Syniverse, which supplies technology and services to giants such as AT&T, T-Mobile, Verizon, Vodafone, China Mobile and many other cellular operators around the world, said hackers have had access to its systems for many years. More than 200 customers of the company and millions of mobile users around the world have become potential victims of cybercriminals. To understand the scale of the problem: Syniverse processes more than 740 billion SMS annually
Syniverse has reported in documents filed on September 27 with the US government that an unknown individual or organization has obtained unauthorized access to the databases of its network several times. The information obtained by hackers, used to log into the system, allowed attackers to gain access to most of the important data of the company and its customers. The medium of transmission (EDT) has been compromised in 235 of its clients.
A former Syniverse employee who worked on EDT systems stated that they have information on all types of call data. Syniverse declined to answer specific questions about the scale of the hack and its consequences. According to a representative of one of the mobile operators, the hackers who hacked Syniverse gained access to metadata such as the duration and cost of calls, as well as the number of the subscriber making the call, the location of the participants in the conversation, and the content of SMS messages.
The company said it found signs of a breach in May of this year, but unauthorized access to its networks was first carried out in May 2016. According to the official website Syniverse, the company processes 740 billion text messages annually and has partnerships with more than 300 mobile operators worldwide.

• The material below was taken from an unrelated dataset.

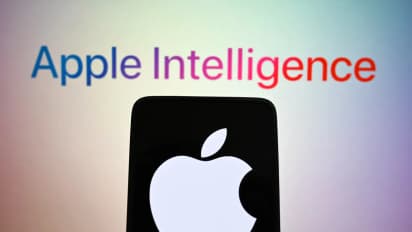 https://stocktwits.com/news-articles/markets/equity/dan-ives-3-moves-apple-needs-to-make-to-avoid-blackberry-moment-in-ai/chrn9okRdE8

Its clients are 95 of the 100 largest mobile operators.
Researchers call the five-year presence of attackers on Syniverse networks a global disaster for the privacy of cellular users. It is noted that hackers could gain access to SMS messages from two-factor authentication systems, which allowed them to gain access to the accounts of Google, Facebook, Microsoft and personal accounts of bank customers. A recently discovered attack could potentially affect hundreds of millions, if not billions, of mobile users. Using the data that Syniverse has, hackers can create a detailed user profile, knowing exactly what they are doing, where they are, who they are calling.
One former Syniverse employee said the attack probably did not cause significant damage because there were no obvious events in the past five years indicating that a vulnerability was being used against users.